Considerations on the Evaluation of Biometric Quality Assessment Algorithms

Quality assessment algorithms can be used to estimate the utility of a biometric sample for the purpose of biometric recognition. "Error versus Discard Characteristic" (EDC) plots, and "partial Area Under Curve" (pAUC) values of curves therein, are generally used by researchers to evaluate the predictive performance of such quality assessment algorithms. An EDC curve depends on an error type such as the "False Non Match Rate" (FNMR), a quality assessment algorithm, a biometric recognition system, a set of comparisons each corresponding to a biometric sample pair, and a comparison score threshold corresponding to a starting error. To compute an EDC curve, comparisons are progressively discarded based on the associated samples' lowest quality scores, and the error is computed for the remaining comparisons.

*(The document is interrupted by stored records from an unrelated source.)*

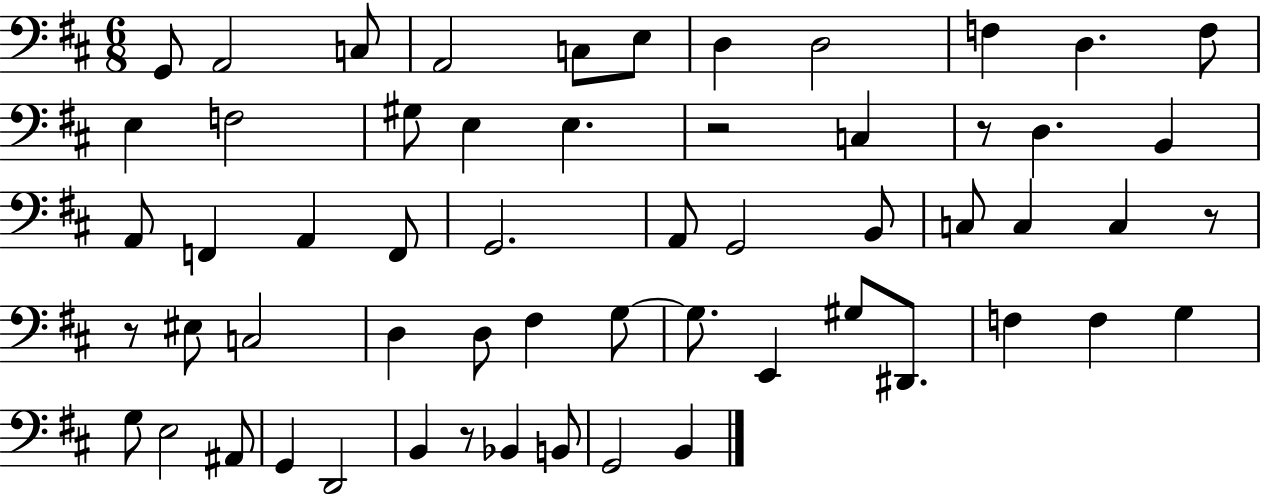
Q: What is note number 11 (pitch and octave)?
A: F3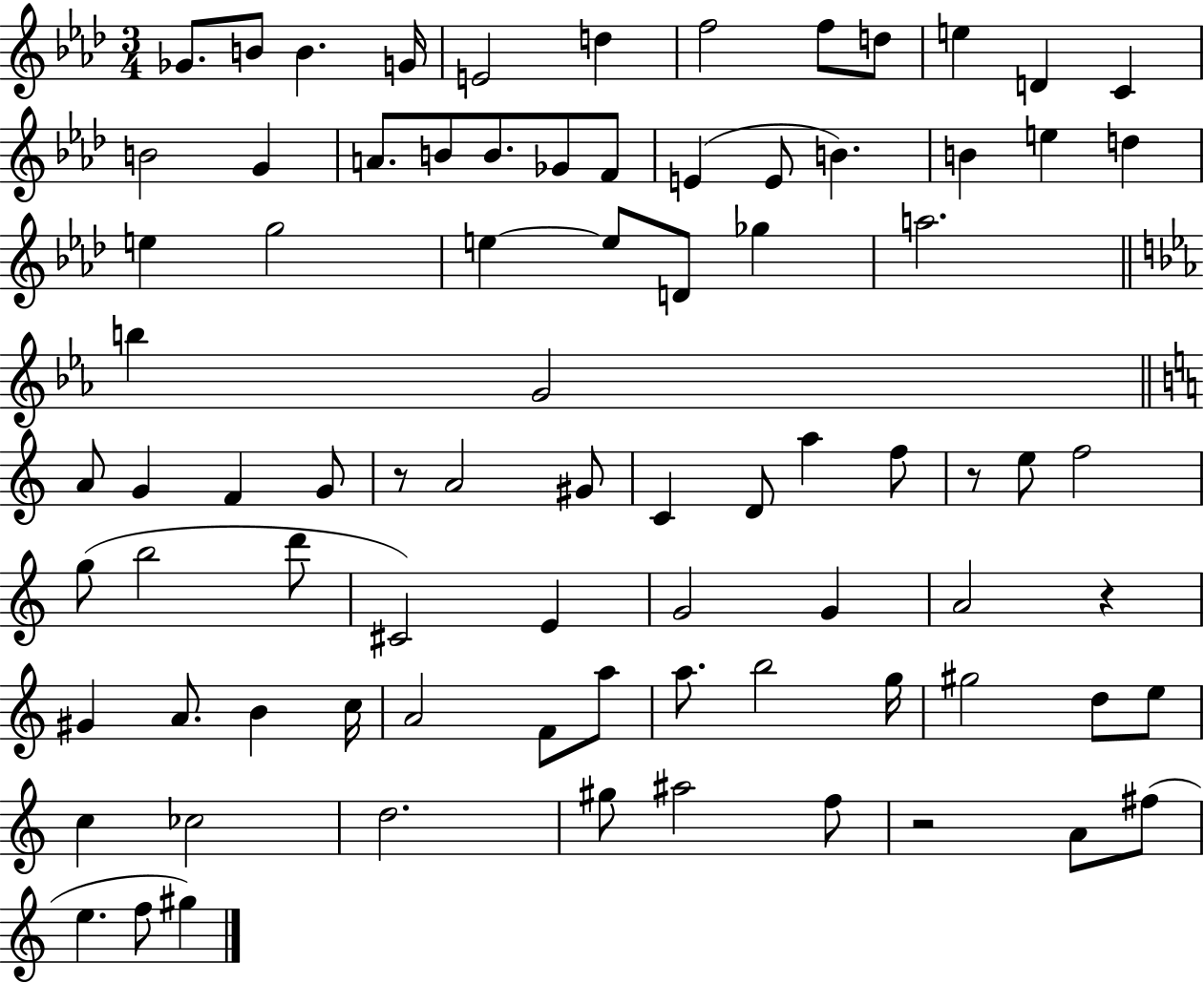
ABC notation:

X:1
T:Untitled
M:3/4
L:1/4
K:Ab
_G/2 B/2 B G/4 E2 d f2 f/2 d/2 e D C B2 G A/2 B/2 B/2 _G/2 F/2 E E/2 B B e d e g2 e e/2 D/2 _g a2 b G2 A/2 G F G/2 z/2 A2 ^G/2 C D/2 a f/2 z/2 e/2 f2 g/2 b2 d'/2 ^C2 E G2 G A2 z ^G A/2 B c/4 A2 F/2 a/2 a/2 b2 g/4 ^g2 d/2 e/2 c _c2 d2 ^g/2 ^a2 f/2 z2 A/2 ^f/2 e f/2 ^g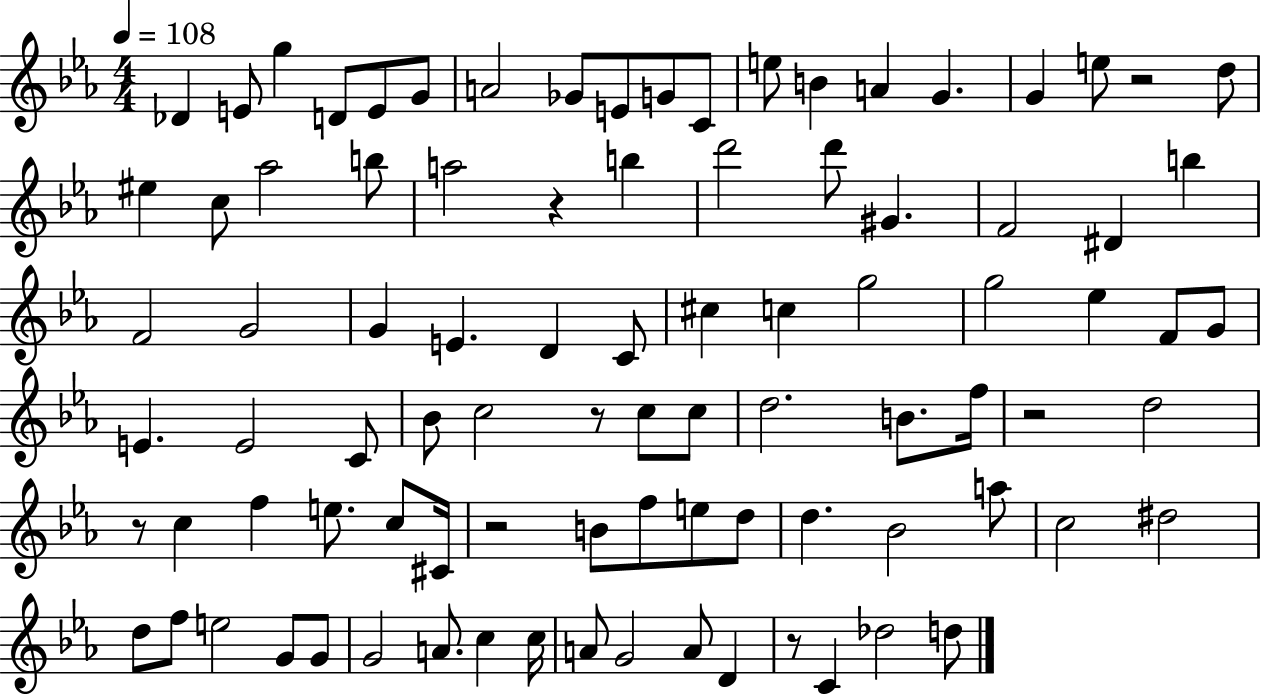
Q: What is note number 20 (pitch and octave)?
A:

Additionally, a discard fraction limit or range must be selected to compute pAUC values, which can then be used to quantitatively rank quality assessment algorithms. This paper discusses and analyses various details for this kind of quality assessment algorithm evaluation, including general EDC properties, interpretability improvements for pAUC values based on a hard lower error limit and a soft upper error limit, the use of relative instead of discrete rankings, stepwise vs. linear curve interpolation, and normalisation of quality scores to a [0, 100] integer range. We also analyse the stability of quantitative quality assessment algorithm rankings based on pAUC values across varying pAUC discard fraction limits and starting errors, concluding that higher pAUC discard fraction limits should be preferred. The analyses are conducted both with synthetic data and with real face image and fingerprint data, with a focus on general modality-independent conclusions for EDC evaluations. Various EDC alternatives are discussed as well.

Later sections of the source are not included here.